Implemented a simple distributed Map-reduce framework with handling Worker failure. Used Go programming language.
MapReduce is a programming model and an associated implementation for processing and generating large data sets. Users specify a map function that processes a key/value pair to generate a set of intermediate key/value pairs, and a reduce function that merges all intermediate values associated with the same intermediate key. Many real world tasks are expressible in this model and can be seen in our project from the provided examples.
Go is a statically typed, compiled programming language designed at Google. It is syntactically similar to C, but with memory safety, garbage collection, structural typing, and CSP-style concurrency, which are useful to us in our project.
With its garbage collection feature, Go eliminates some common classes of bugs. Go also has good support for threads (goroutines), and a nice RPC package, which are directly useful in this project. Threads and garbage collection work particularly well together, since garbage collection can eliminate programmer effort to decide when the last thread using an object has stopped using it.
The system had the following requirements:
- The system should handle worker failure in both map and reduce phase
- Map tasks should run in parallel
- Reduce tasks should run in parallel
- Assume the coordinator does not fail
From the above system architecture, we have implemented three main programs:
- coordinator.go
- worker.go
- rpc.go
We assume that the input file is large enough and already split into smaller files which will then be given to the framework as input.
The total number of mappers is equal to the total number of input files while the number of reducers is an arbitrarily chosen number.
Initially, the coordinator.go
file is called, where the coordinator denotes the master in the architecture, along with the split input files. The coordinator is initialised having the following structure:
type Coordinator struct {
mapTasks []mapTask // list of structs containing total number of map tasks
reduceTasks []reduceTask // list of structs containing total number of reduce tasks
availableMapTasks map[int]int // map containing all available map tasks
availableReduceTasks map[int]int // map containing all available reduce tasks
mapDoneTasks int // denotes the number of map tasks that are completed
reduceDoneTasks int // denotes the number of reduce tasks that are completed
mapLock sync.Mutex
reduceLock sync.Mutex
}
The master can handle multiple requests from the workers concurrently.
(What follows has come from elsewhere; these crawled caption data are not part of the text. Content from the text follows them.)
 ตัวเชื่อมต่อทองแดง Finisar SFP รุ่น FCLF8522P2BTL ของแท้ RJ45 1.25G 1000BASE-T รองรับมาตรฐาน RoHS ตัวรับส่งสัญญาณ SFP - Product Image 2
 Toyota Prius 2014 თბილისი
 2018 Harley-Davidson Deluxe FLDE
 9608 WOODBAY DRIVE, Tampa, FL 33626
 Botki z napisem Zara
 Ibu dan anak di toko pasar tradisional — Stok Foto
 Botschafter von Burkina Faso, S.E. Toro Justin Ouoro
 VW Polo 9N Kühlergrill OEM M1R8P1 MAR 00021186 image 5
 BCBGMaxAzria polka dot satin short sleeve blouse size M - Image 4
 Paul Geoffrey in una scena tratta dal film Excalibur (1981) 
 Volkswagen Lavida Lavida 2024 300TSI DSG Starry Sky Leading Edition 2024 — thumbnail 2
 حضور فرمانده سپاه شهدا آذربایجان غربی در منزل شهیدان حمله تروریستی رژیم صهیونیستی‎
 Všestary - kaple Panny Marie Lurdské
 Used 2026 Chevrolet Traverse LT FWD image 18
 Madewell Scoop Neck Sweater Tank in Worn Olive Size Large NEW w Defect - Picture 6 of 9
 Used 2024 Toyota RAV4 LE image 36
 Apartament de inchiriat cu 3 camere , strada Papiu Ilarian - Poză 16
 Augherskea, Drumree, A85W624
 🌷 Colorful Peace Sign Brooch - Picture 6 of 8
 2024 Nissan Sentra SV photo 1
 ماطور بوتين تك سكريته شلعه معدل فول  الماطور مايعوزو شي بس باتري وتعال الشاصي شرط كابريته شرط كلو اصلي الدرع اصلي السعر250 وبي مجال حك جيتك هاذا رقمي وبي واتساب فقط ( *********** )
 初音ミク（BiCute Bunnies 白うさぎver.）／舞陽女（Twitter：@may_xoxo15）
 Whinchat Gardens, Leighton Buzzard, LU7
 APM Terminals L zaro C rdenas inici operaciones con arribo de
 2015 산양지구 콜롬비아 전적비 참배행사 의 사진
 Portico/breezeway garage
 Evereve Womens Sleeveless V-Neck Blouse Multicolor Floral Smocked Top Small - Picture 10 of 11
To ensure proper synchronisation we use mapLock
and reduceLock
mutex locks. When a request from a worker is received, the master locks the worker and sends them a map task if available, else sends a reduce task and unlocks it. When a worker finishes their task, the master is notified and updates its variables accordingly. The master is also responsible for handling the worker failure which is described in detail in the next section.
The worker is initialised and given a random number as its workerID. It then sends an RPC call callGetTask
to the coordinator to receive a task. Depending on the return value, it performs its task as a mapper or a reducer. If it receives ‘3’, it means that the entire MapReduce task has been completed and can now safely exit. Else the worker is asked to wait for some time until some task is available and assigned to the worker.
- Mapper Task:
The mapper task is given in the mapFunc
function:
The worker reads the input, which is one of the split input files given to the coordinator. Then the worker extracts the (key,value) pairs from the file content using the user provided Map
function for the particular Map reduce application. It then sorts the pairs and creates an intermediate hashmap which maps an integer to a list of (key,value) pairs, the integer here is the hashed value of the key modulo with partitions where it is stored. Here, partitions are the number of reducer tasks. The intermediate hashmap is written onto intermediate files which are numbered based on the number of partitions and the mapper which wrote this file.
- Reducer Task:
The reducer task is given in the reduceFunc
function:
For each reducer, there are N intermediate files where (key,value) pairs are stored from the mapper. Here, N denotes the number of mappers. The reducer takes all the input files and parses the key,values and creates a mapping for each key to all the values that are present in the files. This map is given to the Reduce
function provided by the user for the particular application, whose output is appended and given as final result.
Once the given task is completed, it sends an RPC to the coordinator to notify it.
The file rpc.go
contains the remote procedure calls that are used by the workers and the coordinator for communication. For each process (master or worker), a thread is created which is used specifically for listening to RPCs from workers or master.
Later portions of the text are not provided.